The Enterprise Advantage
I suspect this will be different for big enterprise deals than SMB deals. In fact, I would assume that most enterprise deals will be won by the partner who offers the lowest monthly cost, based on the best effort at the matrix. In this new subscription economy, the monthly cost is really the biggest decider for Enterprise, because it never ends. Your deployment and customization costs do end. If you project out the monthly cost for 5 years, as I suspect many enterprise customers will, the differences between a correctly proposed matrix, and a poorly thought out one, will be staggering.
What about SMB?
Based on what we all know about the future of SMB licensing, and nothing that has been shared with me under NDA contradicts any of that, we will have a similar picture as enterprise. We all know there will be SMB Apps, we already have one (Financials), we all know that the apps will be $40 each with a $5 Team Member. One big difference will be the Plan.
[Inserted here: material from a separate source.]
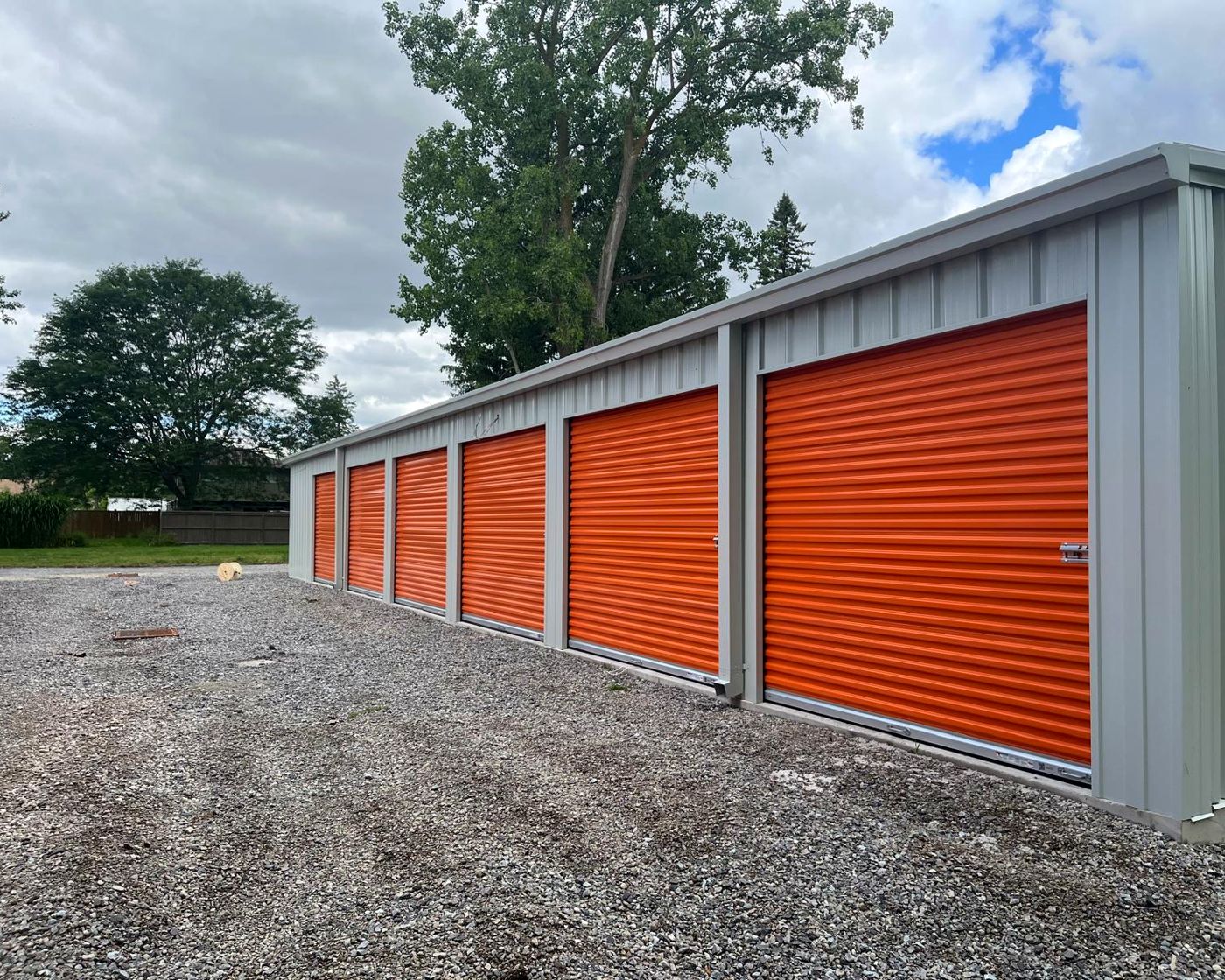 Row of brand new drive up storage units with orange roll up doors at HJ Storage in Niagara Falls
Where the Enterprise Plan, with ERP is $210, more than double the single App price, in SMB, it is only an additional $10 to go to the Plan… with ERP. This is a significant factor that requires some real thought. Even the fictional licensing scenario I described above is SMB sized. SMB by definition has a vastly smaller number of users, to potentially be multiplied by a much smaller Plan differential cost ($10).
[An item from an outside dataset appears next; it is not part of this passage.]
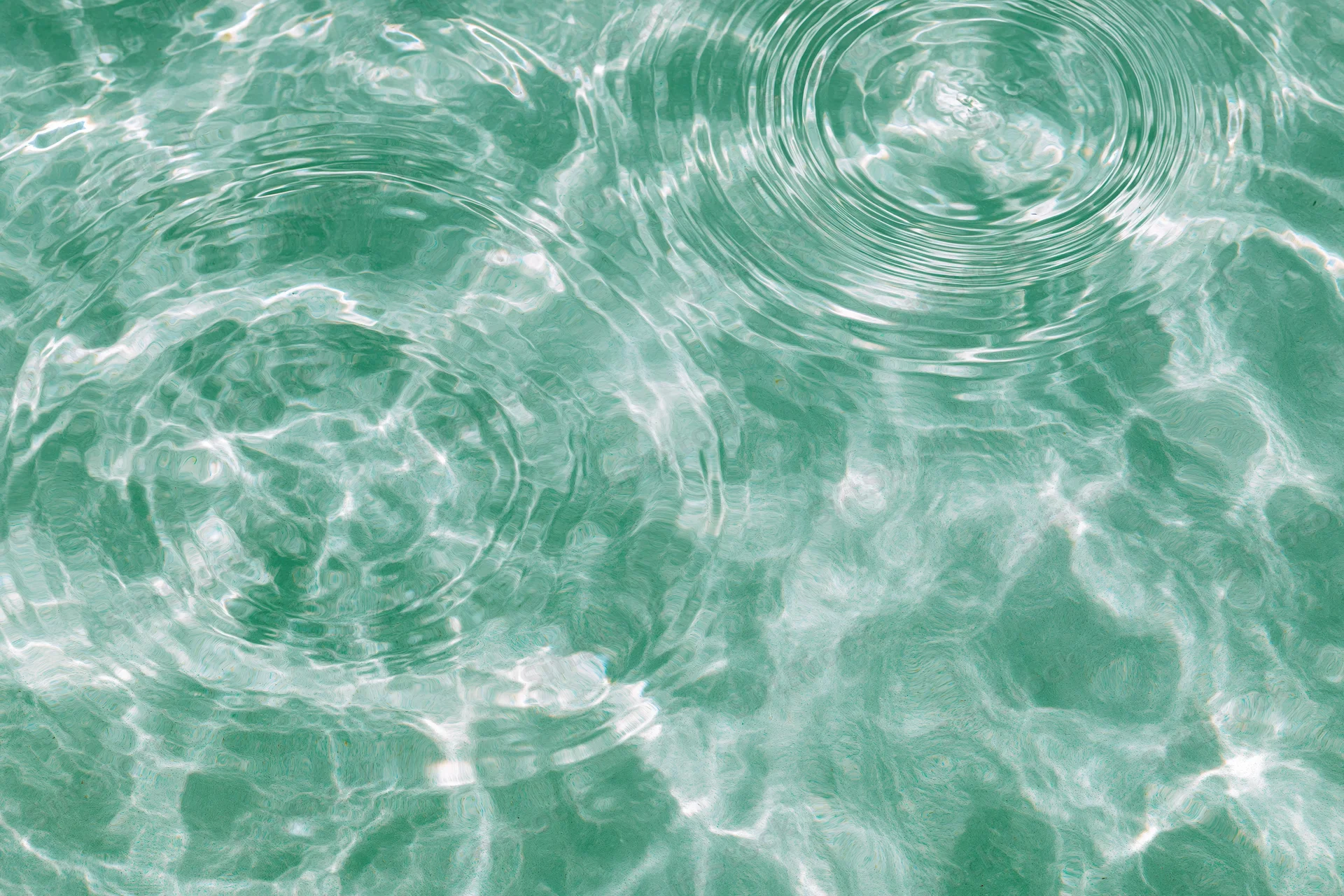 Still water surface with ripples and light reflections from overhead view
Most SMB customers are coming in for Sales to start with, and those users will probably want Marketing, so they are looking at the Plan anyway. The difference in cost between a “siloed App” or “everything”, is simply not that much. I can’t think of many SMB customers who would quibble over $10, given their smaller number of users. Granted, the Team Member for $5 is a different story, and they will rightfully want to use that were they can, so we still need to thoroughly understand that Sku.
Also, as I mentioned previously, I expect there will need to be a new slew of Skus once the SMB Apps launch for “transitioning” the remaining CRMOL users, who have not already transitioned to the Promos, as well as from the Promos themselves. While Microsoft will be letting them keep the Promos for 3 years, I expect many of those customers would prefer the new SMB focused Apps and will want to move over right away. I’m sorry, when I started this paragraph, I expected it to end in a better place.
I guess to sum this all up into one sentence : You should be doing your homework on the Team Member Sku. I apologize for making you read all of this to get here, but I did not know this is where I would end up either. In the future, maybe you should just skip to the end of my posts.